WHAT THE EXERCISE ASKS: Reproduce only what runs from the line containing "Le rendu 3d" to the line containing "K&F CONCEPT Camera" in the records below, inclusive. Keep it exact, and keep the pictures out.

EXTRACTED MATERIAL:
▼

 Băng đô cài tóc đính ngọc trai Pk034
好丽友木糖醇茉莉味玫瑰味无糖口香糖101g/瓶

▲
▼

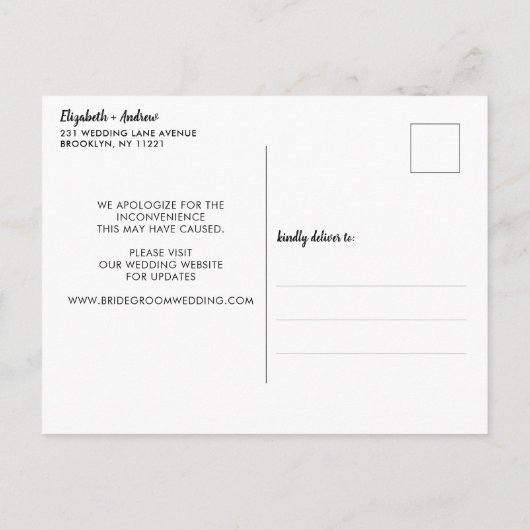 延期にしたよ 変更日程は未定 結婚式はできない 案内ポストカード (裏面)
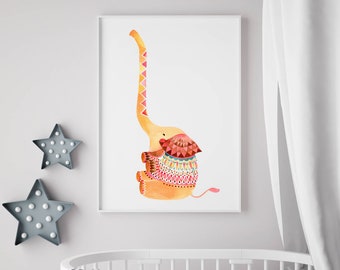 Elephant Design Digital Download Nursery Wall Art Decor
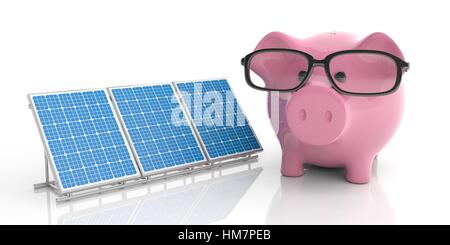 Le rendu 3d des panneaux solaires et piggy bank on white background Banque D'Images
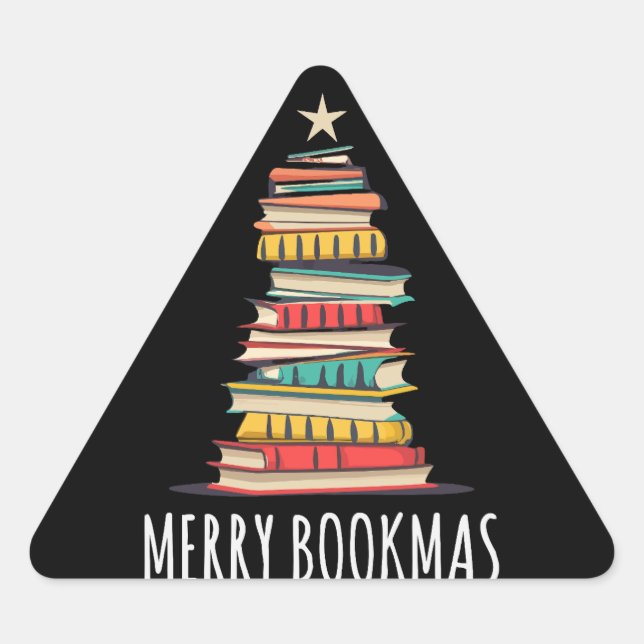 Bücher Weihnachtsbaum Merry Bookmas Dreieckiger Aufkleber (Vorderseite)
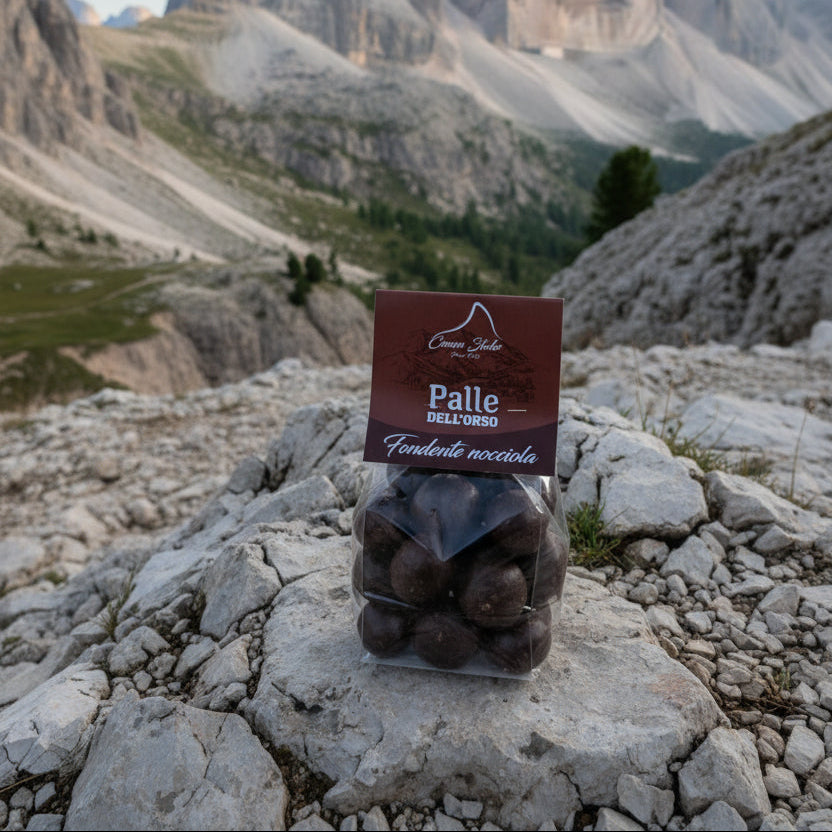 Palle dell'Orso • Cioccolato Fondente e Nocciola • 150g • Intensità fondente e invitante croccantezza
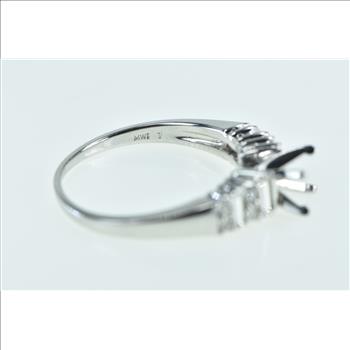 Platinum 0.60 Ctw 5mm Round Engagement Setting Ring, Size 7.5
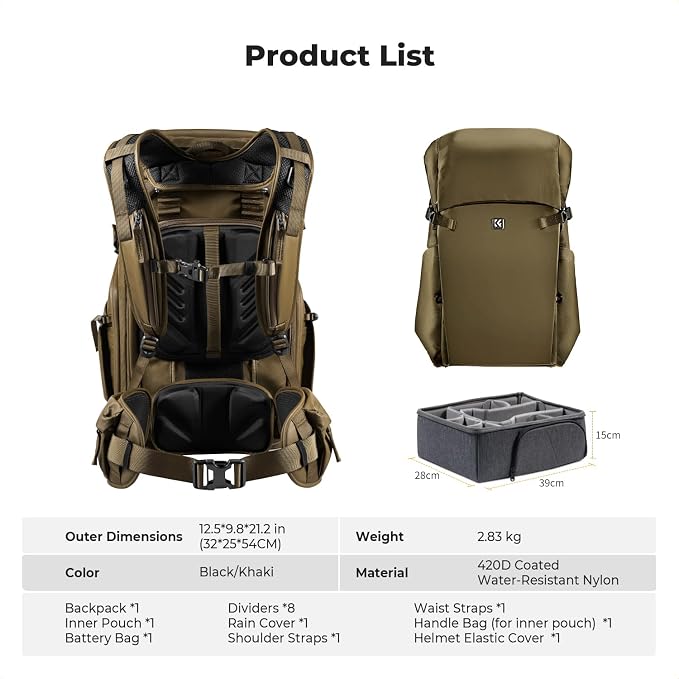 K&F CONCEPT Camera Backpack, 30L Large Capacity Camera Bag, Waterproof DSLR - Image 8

▲
▼

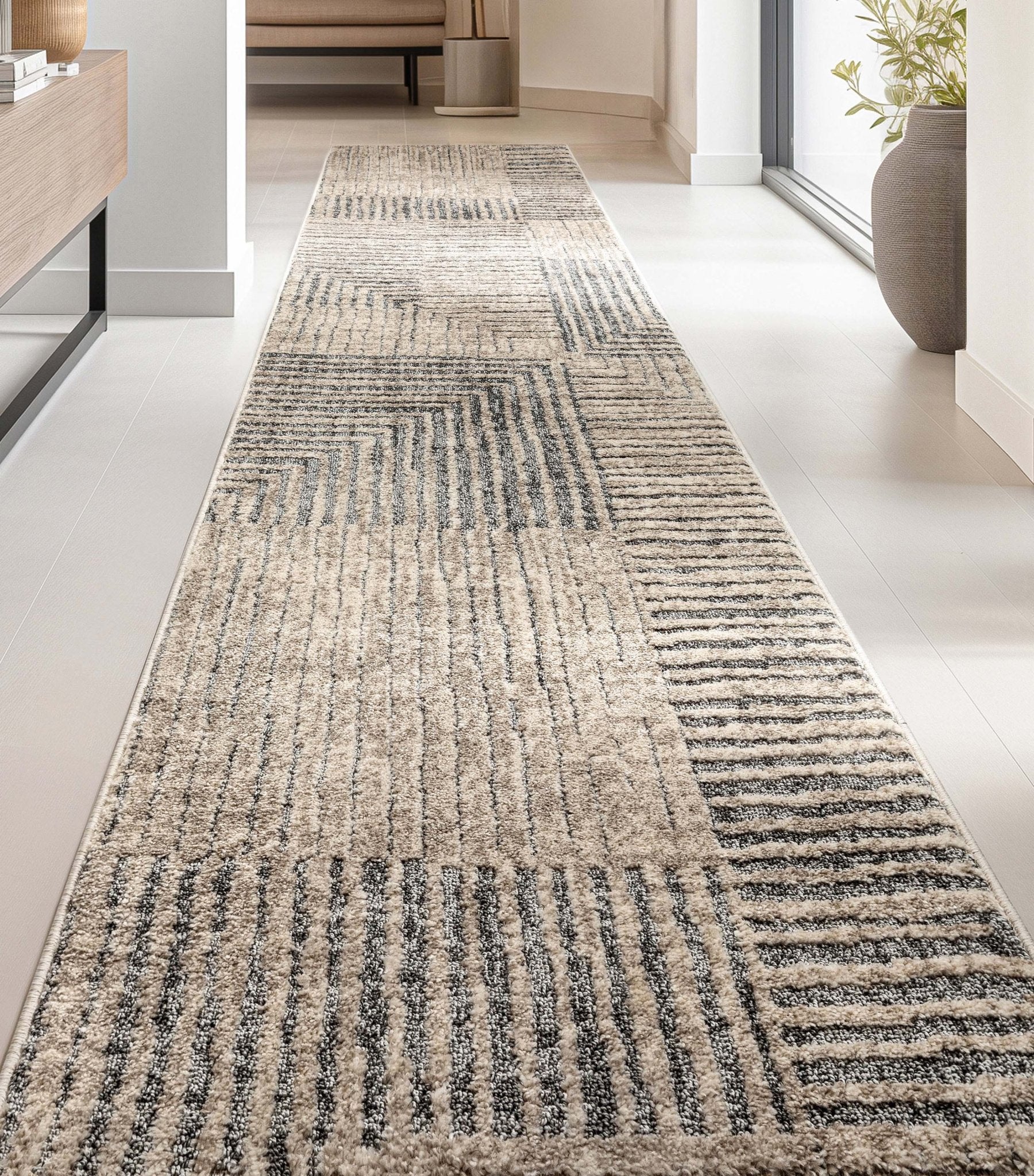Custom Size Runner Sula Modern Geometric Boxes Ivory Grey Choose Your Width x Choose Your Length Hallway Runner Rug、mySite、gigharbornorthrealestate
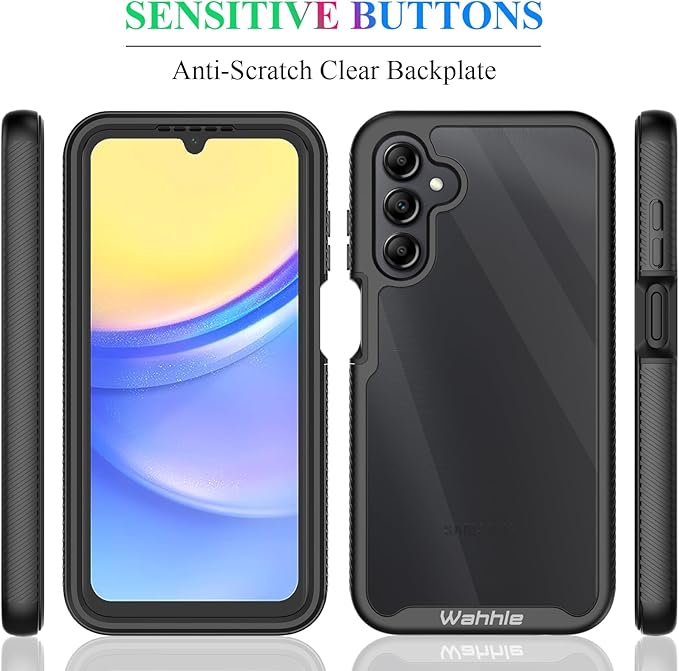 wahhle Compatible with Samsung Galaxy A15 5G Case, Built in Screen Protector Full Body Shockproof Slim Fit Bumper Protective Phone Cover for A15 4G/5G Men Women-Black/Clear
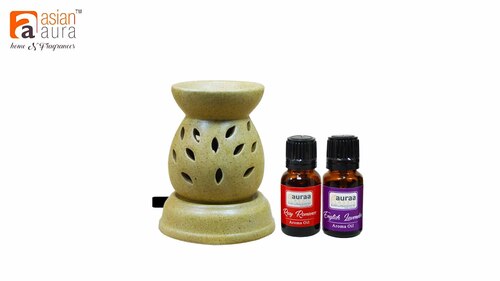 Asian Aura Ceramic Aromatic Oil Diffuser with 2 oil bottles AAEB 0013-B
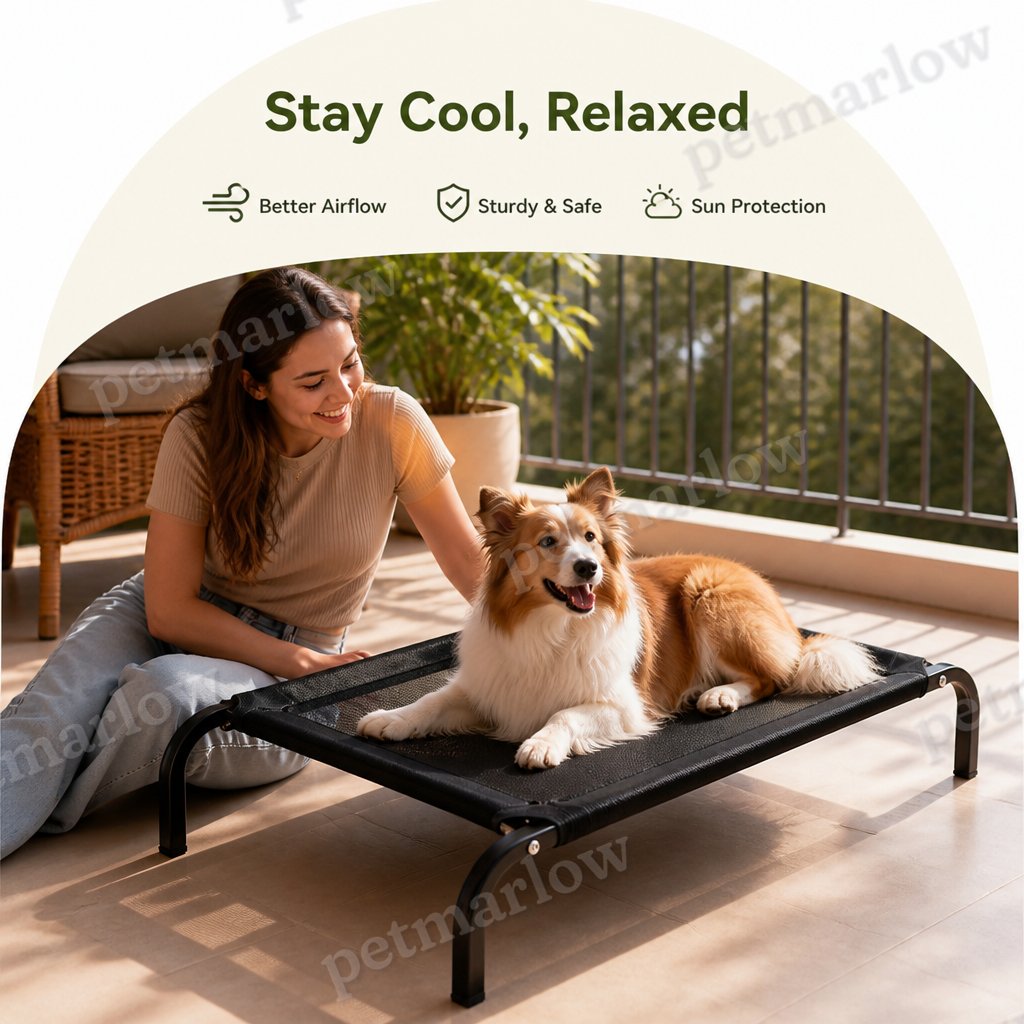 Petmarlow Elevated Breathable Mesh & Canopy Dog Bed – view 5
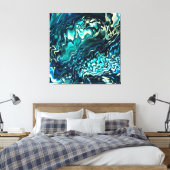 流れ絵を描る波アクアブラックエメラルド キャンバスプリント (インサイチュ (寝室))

▲

PROBLEM SOLUTION:
 Le rendu 3d des panneaux solaires et piggy bank on white background Banque D'Images
 Bücher Weihnachtsbaum Merry Bookmas Dreieckiger Aufkleber (Vorderseite)
 Palle dell'Orso • Cioccolato Fondente e Nocciola • 150g • Intensità fondente e invitante croccantezza
 Platinum 0.60 Ctw 5mm Round Engagement Setting Ring, Size 7.5
 K&F CONCEPT Camera Backpack, 30L Large Capacity Camera Bag, Waterproof DSLR - Image 8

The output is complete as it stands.